Now, I will make random predicitons for the three target variables in sample_train using the function random.uniform(); I limit the value of the predictions to 500

In [23]:
random_predictions_dict={}
for i in sample_submission.columns:

    if i != 'date_time':   

        random_predictions_dict[i]=[random.uniform(0, 500) for x in range(len(sample_train))]

random_predictions=pd.DataFrame(random_predictions_dict)
random_predictions.head()

Unnamed: 0,target_carbon_monoxide,target_benzene,target_nitrogen_oxides
0,208.47653,47.976413,296.758713
1,127.606378,188.521477,233.225711
2,201.557407,160.740496,173.390531
3,127.843661,162.312749,154.454621
4,231.393206,109.59492,207.243086


## Calculate the RMSLE of the prepared arrays

In [24]:
carbon_monoxide_pred=random_predictions['target_carbon_monoxide']
carbon_monoxide_measurement=sample_train['target_carbon_monoxide']

benzene_pred=random_predictions['target_benzene']
benzene_measurement=sample_train['target_benzene']

nitrogen_oxide_pred=random_predictions['target_nitrogen_oxides']
nitrogen_oxide_measurement=sample_train['target_nitrogen_oxides']

In [25]:
RMSLE_CM=calculate_RMSLE(carbon_monoxide_pred, carbon_monoxide_measurement)

RMSLE_BZ=calculate_RMSLE(benzene_pred, benzene_measurement)

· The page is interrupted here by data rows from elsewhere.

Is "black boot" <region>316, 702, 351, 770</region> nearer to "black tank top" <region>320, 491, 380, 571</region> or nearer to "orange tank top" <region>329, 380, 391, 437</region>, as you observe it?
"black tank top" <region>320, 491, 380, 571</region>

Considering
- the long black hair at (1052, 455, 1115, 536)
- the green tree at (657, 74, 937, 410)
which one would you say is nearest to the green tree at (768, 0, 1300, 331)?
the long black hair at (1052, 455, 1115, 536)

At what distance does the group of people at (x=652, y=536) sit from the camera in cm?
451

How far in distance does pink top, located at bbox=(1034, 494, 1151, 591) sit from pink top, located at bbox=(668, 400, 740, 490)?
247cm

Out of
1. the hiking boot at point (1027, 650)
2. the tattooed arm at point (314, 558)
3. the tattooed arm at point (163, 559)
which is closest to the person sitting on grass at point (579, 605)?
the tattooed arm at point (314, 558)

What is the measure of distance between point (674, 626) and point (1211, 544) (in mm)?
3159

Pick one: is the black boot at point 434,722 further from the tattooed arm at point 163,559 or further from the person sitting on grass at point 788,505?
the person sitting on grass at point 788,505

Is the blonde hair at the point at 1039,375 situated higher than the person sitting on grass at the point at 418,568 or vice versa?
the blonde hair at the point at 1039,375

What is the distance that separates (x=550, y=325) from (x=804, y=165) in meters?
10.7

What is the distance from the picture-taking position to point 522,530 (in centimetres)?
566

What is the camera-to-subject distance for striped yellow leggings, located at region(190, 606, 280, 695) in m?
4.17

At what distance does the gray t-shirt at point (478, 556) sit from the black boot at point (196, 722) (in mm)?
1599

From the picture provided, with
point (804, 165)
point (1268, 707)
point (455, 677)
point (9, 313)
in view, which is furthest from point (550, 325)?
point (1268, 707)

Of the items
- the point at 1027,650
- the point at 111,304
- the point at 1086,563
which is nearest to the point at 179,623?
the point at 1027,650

RMSLE_NO=calculate_RMSLE(nitrogen_oxide_pred, nitrogen_oxide_measurement)

In [26]:
RMSLE_CM

4.31840256281496

In [27]:
RMSLE_BZ

3.3472023044443118

In [28]:
RMSLE_NO

1.295143563255917

## Compare results with those of sklearn metric 

In [29]:
from sklearn.metrics import mean_squared_log_error

In [30]:
RMSLE_CM_=math.sqrt(mean_squared_log_error(carbon_monoxide_measurement, carbon_monoxide_pred))
RMSLE_BZ_=math.sqrt(mean_squared_log_error(benzene_measurement, benzene_pred))
RMSLE_NO_=math.sqrt(mean_squared_log_error(nitrogen_oxide_measurement, nitrogen_oxide_pred))

In [31]:
RMSLE_CM_

4.3184025628149625

In [32]:
RMSLE_BZ_

3.3472023044443113

In [33]:
RMSLE_NO_

1.2951435632559163

In [34]:
print(round(RMSLE_CM, 13)==round(RMSLE_CM_, 13), round(RMSLE_BZ, 13)==round(RMSLE_BZ_, 13), round(RMSLE_NO, 13)==round(RMSLE_NO_, 13))

True True True


## Conclusion

Based on a comparison with an Sklearn metric, the funciton defined in this notebook can calculate the RMSLE of an array of observations with precision up to 13 decimal places.